GIVEN DATA:
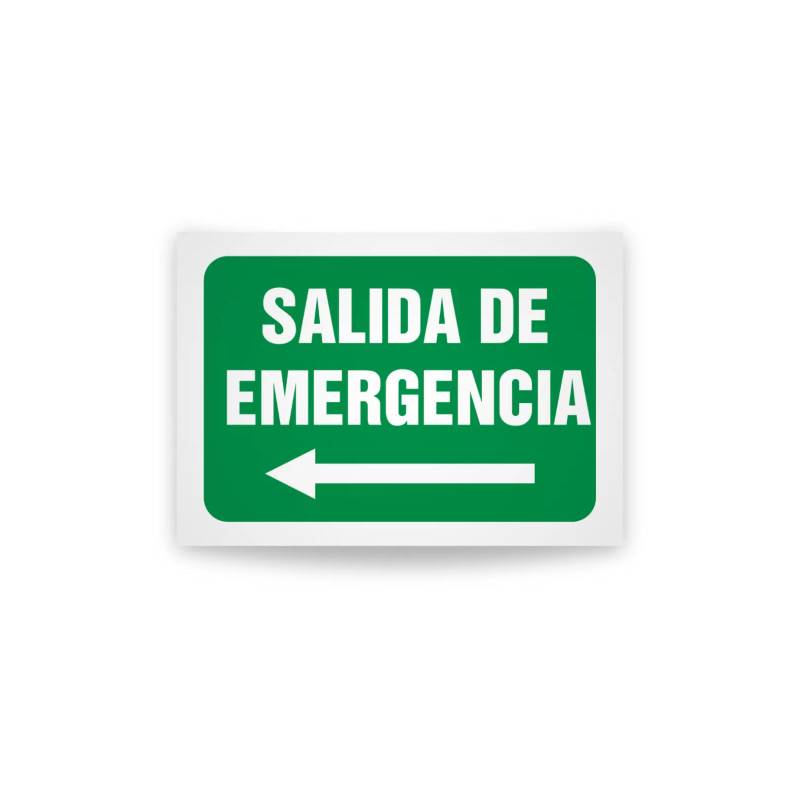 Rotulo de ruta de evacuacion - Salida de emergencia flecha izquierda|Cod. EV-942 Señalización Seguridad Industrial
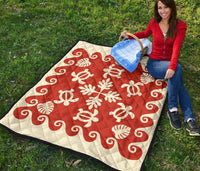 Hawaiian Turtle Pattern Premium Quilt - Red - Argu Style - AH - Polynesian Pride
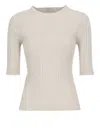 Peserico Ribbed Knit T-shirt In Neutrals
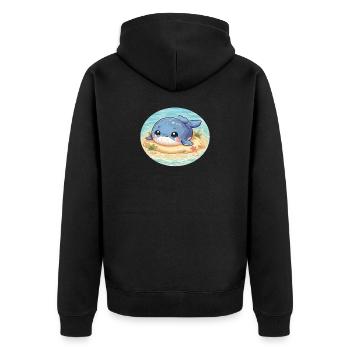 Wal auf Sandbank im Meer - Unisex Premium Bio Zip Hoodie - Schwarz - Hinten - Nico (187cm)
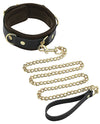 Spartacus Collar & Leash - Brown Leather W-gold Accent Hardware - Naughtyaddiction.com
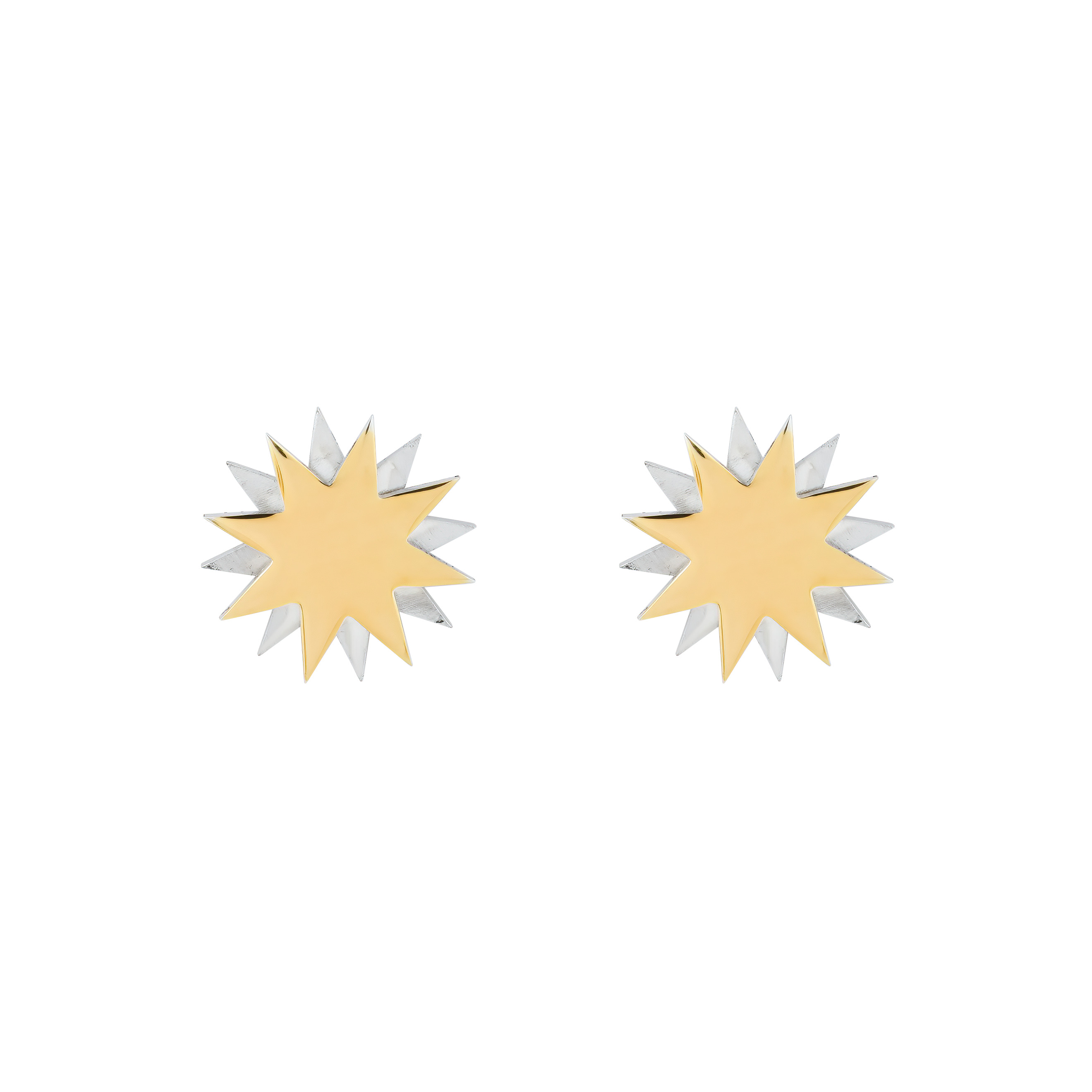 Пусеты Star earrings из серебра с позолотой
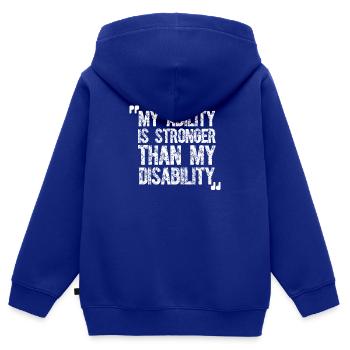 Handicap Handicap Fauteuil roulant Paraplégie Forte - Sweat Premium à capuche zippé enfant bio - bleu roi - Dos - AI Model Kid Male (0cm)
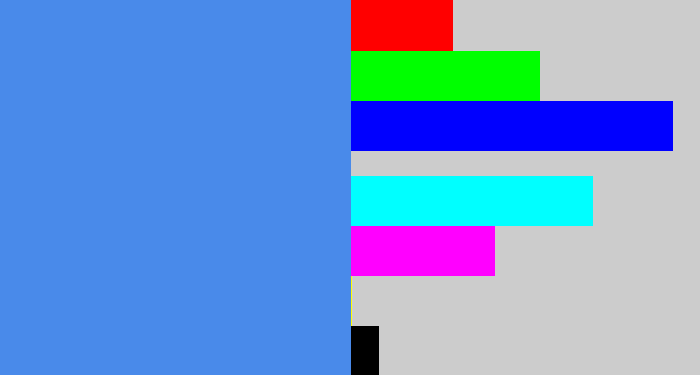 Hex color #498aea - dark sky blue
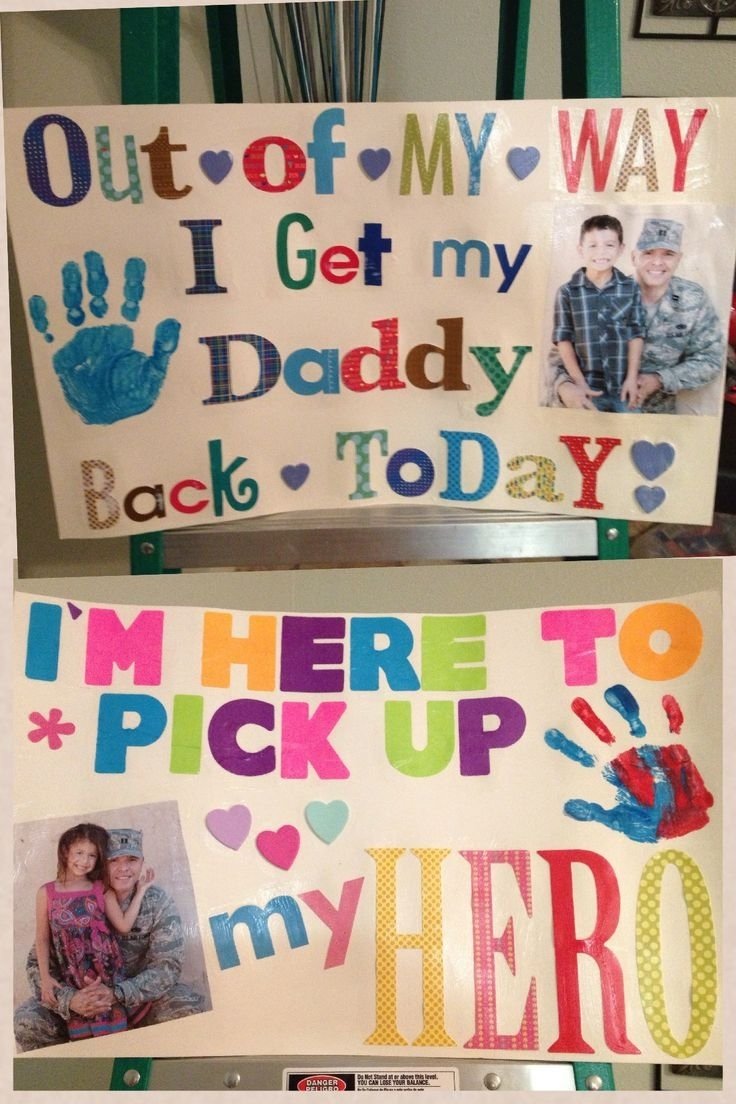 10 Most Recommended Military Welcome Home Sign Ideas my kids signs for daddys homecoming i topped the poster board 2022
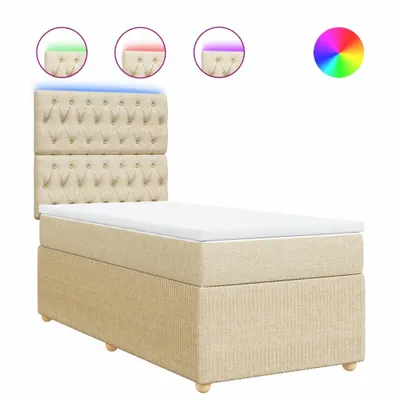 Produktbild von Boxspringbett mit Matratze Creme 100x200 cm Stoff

==

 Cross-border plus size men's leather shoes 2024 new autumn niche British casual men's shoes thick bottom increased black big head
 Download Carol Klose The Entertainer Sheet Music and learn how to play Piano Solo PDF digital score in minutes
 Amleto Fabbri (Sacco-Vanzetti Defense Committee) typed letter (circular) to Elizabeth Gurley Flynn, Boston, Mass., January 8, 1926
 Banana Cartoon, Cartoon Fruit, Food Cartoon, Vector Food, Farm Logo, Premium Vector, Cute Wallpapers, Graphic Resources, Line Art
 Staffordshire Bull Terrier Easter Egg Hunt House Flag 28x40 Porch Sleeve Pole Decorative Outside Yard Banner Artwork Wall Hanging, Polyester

---

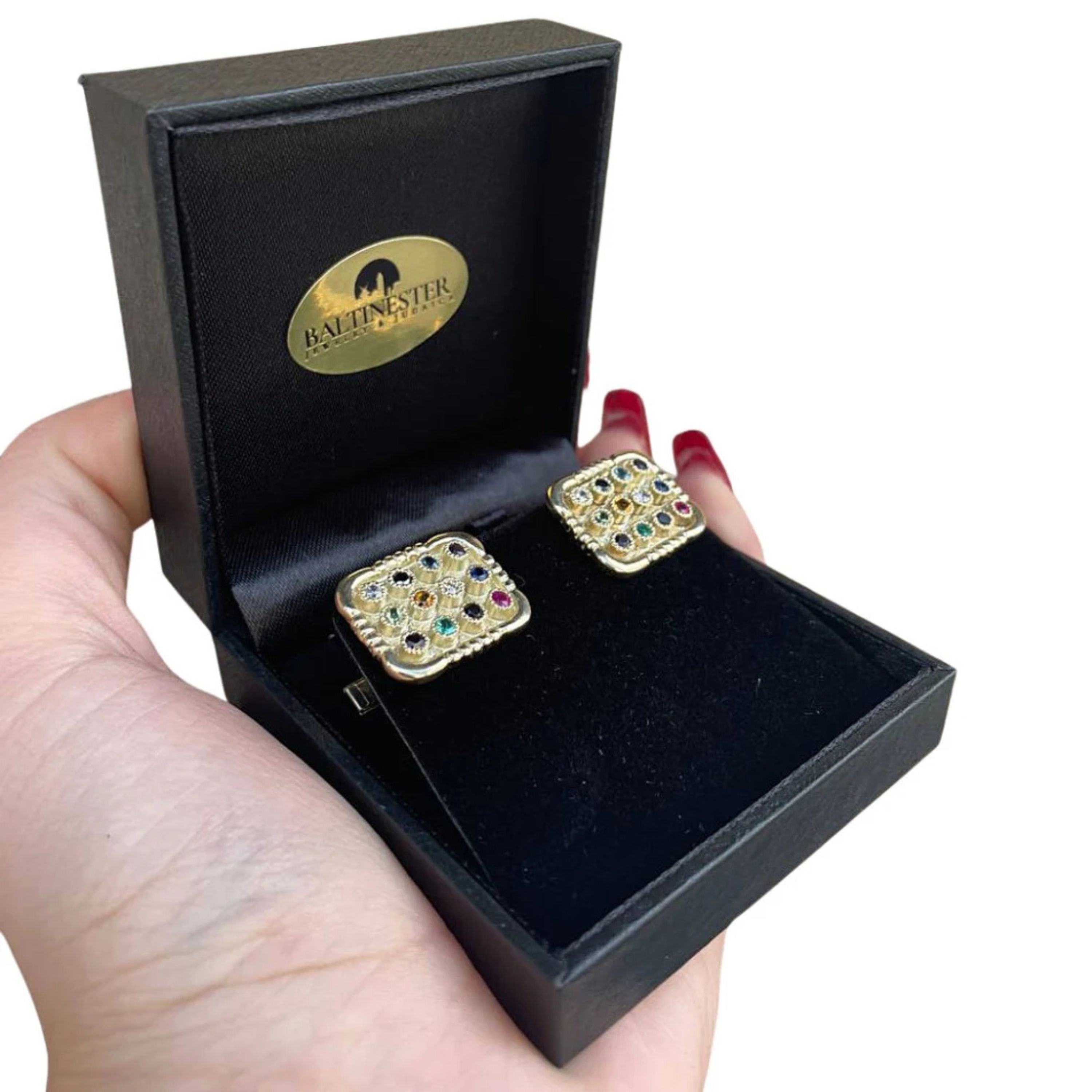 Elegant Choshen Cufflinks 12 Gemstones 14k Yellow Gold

YOUR GOAL: Your answer is the exact run of lines above from the one with "Rotulo de ruta" through the one with "Wal auf Sandbank", both ends included, minus any picture.

ANSWER SPACE:
 Rotulo de ruta de evacuacion - Salida de emergencia flecha izquierda|Cod. EV-942 Señalización Seguridad Industrial
 Hawaiian Turtle Pattern Premium Quilt - Red - Argu Style - AH - Polynesian Pride
 Peserico Ribbed Knit T-shirt In Neutrals
 Wal auf Sandbank im Meer - Unisex Premium Bio Zip Hoodie - Schwarz - Hinten - Nico (187cm)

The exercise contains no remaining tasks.